I’ve been searching for an advent mantra.
Isn’t this the season of waiting with hope? Isn’t this the time of year where the light is ignited amidst the darkest night? Isn’t it the time to resurrect old hymns of rejoicing and celebration?
For this year, for this season, I’m in a desperate search for a mantra, for an incantation that can lure this spiritual slumber of my soul away.
To be honest, it’s not just my spiritual slumber that I want to awaken from.
I’m searching for a spell to rid my literal slumber.
It started with a light-hearted joke to a friend: “If it wasn’t for my laziness, I would learn to get out of bed more often. But my bed is just so dang comfortable!”
We were talking about self-care. You know, the thing that weds “life” to your “soul,” and “purpose” to your “existence.”
I had confessed to her that this semester started off with an energetic and eager Leah, one who was thirsty to find what brought joy to her life, and had a genuine hunger to learn for the love of knowledge.
However, after several months the routine of it all started to get mundane, a little boring. Suddenly, a once-lively Leah felt dry and without purpose. My solution was to take refuge in my bed.
“Leah, do you think you might be… depressed?”
My friend had whispered those words so no one else in the crowded room could hear. My friend was well-meaning, so I didn’t take too much offense.
“Oh, of course not! You underestimate how lazy I really can get.”
I brushed off her concern, only to remember later that she knew what depression looked like — it was a demon she had to face in high school.
The weeks after that got harder — my bed became softer and my school work became tedious. I started to become more snappy and irritable. My to-do list had been piling up exorbitant amounts of guilt and frustration as it steadily grew.
I had been toying with the idea about depression — did I have it? According to checklists I found on Google, there was a chance I did.
It scared me.
Heck, it still scares me. A lot.
What if I do? What will that mean for me? What if this my empty well of joy has left me dry for far too long?
Being tired makes me tired. I am weary from this perpetual state of weariness.

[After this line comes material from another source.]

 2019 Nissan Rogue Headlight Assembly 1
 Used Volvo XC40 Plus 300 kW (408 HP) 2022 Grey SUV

But this, whatever this is, is a demon that is hard to shake off.
But last night, while I lay cozy in my bed, I decided, “I’m narcoleptic.”

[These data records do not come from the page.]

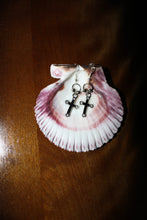 Load image into Gallery viewer, silver septum earrings
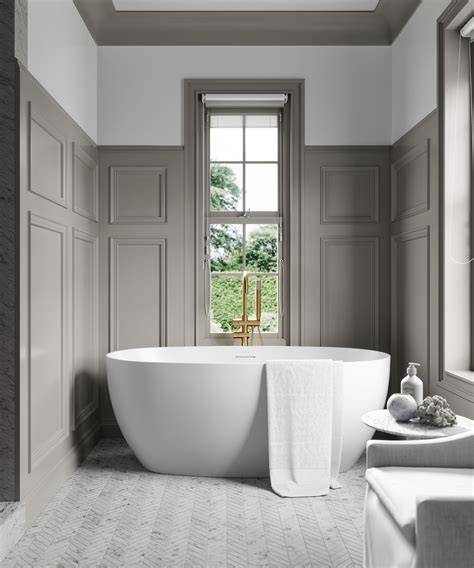 7 gray and white bathroom ideas | Real Homes
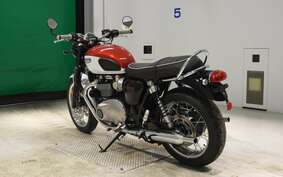 TRIUMPH BONNEVILLE T120 2021 AD75HW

Spiritually speaking, of course.
You see, I have bad days and good days.
Some mornings, I wake up with a new-found energy, and I’m ready to squeeze all the lemons life can throw at me. I could even start my own lemonade business!
Other mornings, I refuse to get out of bed. And that’s the end of that.
But my good days, my lemonade-filled days, have been a reminder, that depressed or not, I still have joy in my life. I still enjoy having coffee with friends, I still enjoy laughing with my RA staff, I still enjoy watching the Christmas spirit unfold rapidly this season, I still enjoy writing and learning, I still love people, I still love (and I mean love) food, and I love dancing mindlessly when I get bored. I still enjoy the little things.
And in these things, in these “lemonade days,” I find hope, as unexplainable as it is.
I am spiritually narcoleptic, I decided last night.
Yes, I tend to fall asleep every now and then… and it is dang hard to wake up from the slumber. But I can still wake up from the slumber. No matter how long it takes, I still wake up every. single. time.
Don’t get me wrong, I’m still shit scared. What if this isn’t just a spiritual funk? What if something is really wrong with me?
And because I am scared, I have to keep reminding myself that lemonade days still come for every sleepy day.
For now, that is enough hope.
No matter what is going on with me, *gulp* depression or not, I will say my mantra, hoping the chant will shoo this narcolepsy away.
“Let lemonade days restore your hope, sweet Leah. Just let the lemonade days restore your hope.”